MUSE School were selected for HundrED 2018 for their innovative assessment method, BLUEPRINTS (check them out here). Being the true education enthusiasts they are, the team at MUSE have continued to improve their assessment model, to make sure that children’s socio-emotional skills are being successfully assessed and improved too.

It can be difficult to assess socio-emotional skills, but these are often the skillsets that will help children to effectively deal with their relationships, stressful situations and can help to improve their academic success. MUSE School are continuing to develop their holistic system of assessing their students through their BLUEPRINTS programme, to make sure it encompasses all of these skillsets.

Want to know how to effectively build these skills in children, and know how to holistically assess them too? We heard from MUSE School, how they’re managing to do it...

 


Authored by MUSE School Teachers, Randi Kearney, Katelyn Patterson and Tressa Wyner

At MUSE, we define self-efficacy as the belief that one is capable of being successful in performing a task or managing a situation using openness, resourcefulness, and persistence to achieve a specific outcome. As a quote often attributed to Henry Ford says, “Whether you think that you can or that you can’t, you are usually right.” A child with high self-efficacy believes they have the skills to help them steer through life and reach their goals, but even more importantly, self-efficacy is about learning how to persevere when one encounters failure or hardship.

MUSE School teachers encourage goal setting and challenging negative thoughts, and aim to provide opportunities that celebrate the process instead of rescuing students experiencing difficulty, or simply celebrating the end product. Students at MUSE use ORP – openness, resourcefulness and persistence – and are empowered to take ownership over their learning, environment and social interactions. ORP is taught to all students at MUSE, beginning with our youngest at 2-years-old to the graduating seniors embarking on their adult life.

We realized that self-efficacy was a crucial part of our day, but it was challenging to concretely monitor and measure it in students—social awareness, stress and conflict management, appropriate decision making, interpersonal behavior, attitude, and relationship building can be more abstract than how a student is performing in math or literacy. It is one thing to acknowledge the value of these social and emotional skills, and another thing to actually integrate and assess these non-academic behaviors into the curriculum and into our narrative reporting. This is how we came to revisit The Blueprint for the 2018-2019 school year. Our goal was to further acknowledge and better understand our student’s individual development and growth.

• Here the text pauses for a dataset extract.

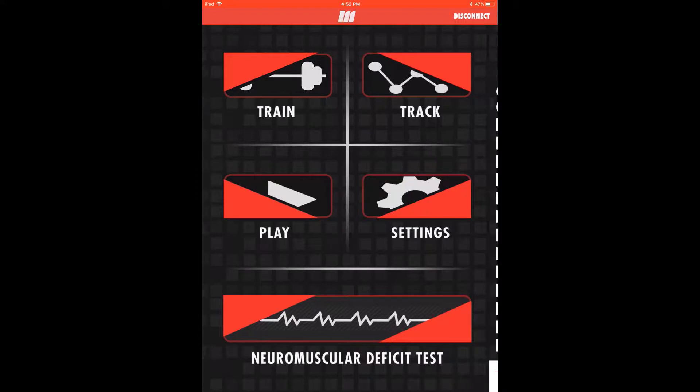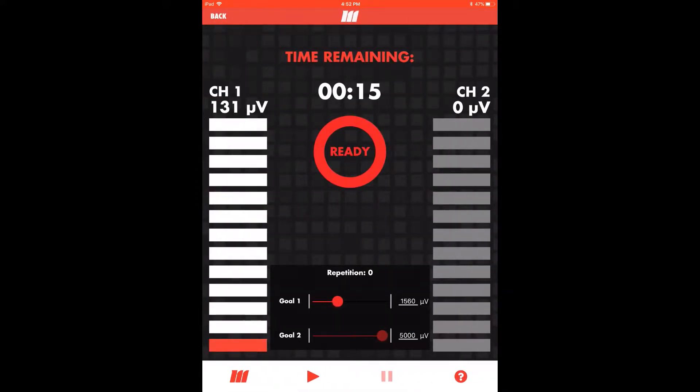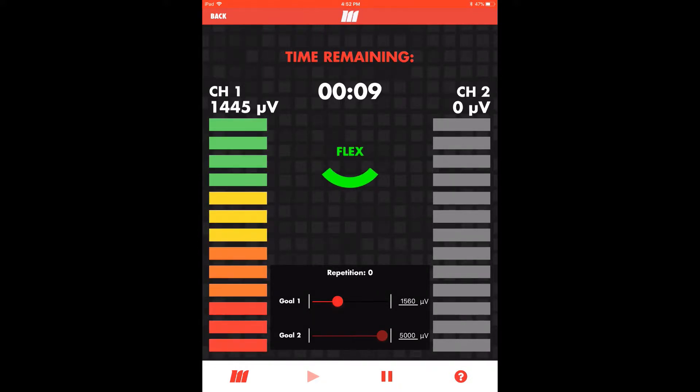Now entering the train module, we're ready to begin our biofeedback session. We'll first flex to test the signal and assess the appropriateness of our goal settings. If we find that the goal is too easy or too difficult to reach during a maximum contraction, simply adjust accordingly. Once ready to begin, hit the play button to start the session. Follow the timed prompts for relax and flex while trying to keep the contraction in the green zone on every rep.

Self-efficacy in Early Childhood Teaches Children To Come Up With Their Own Solutions

It’s no secret that these young learners can be impulsive, have temperamental natures, and can sometimes be downright stubborn when attempting to get what they want. Encouraging students to work collaboratively or think creatively to solve their own problems takes center stage as teachers support students through their daily routines in the classroom.

One 4 year-old student in the Early Kindergarten classroom seemed to be having an especially hard time navigating how to play with her peers during free play time. She was eager to join in dramatic play activities, but would quickly become frustrated when the storyline didn’t follow exactly what she had in mind. She would quickly melt down into tears and run to the teacher with recounts of her troubles; “I want to be the Mommy, but Ella says she’s the Mommy already and she won’t let me be it too!”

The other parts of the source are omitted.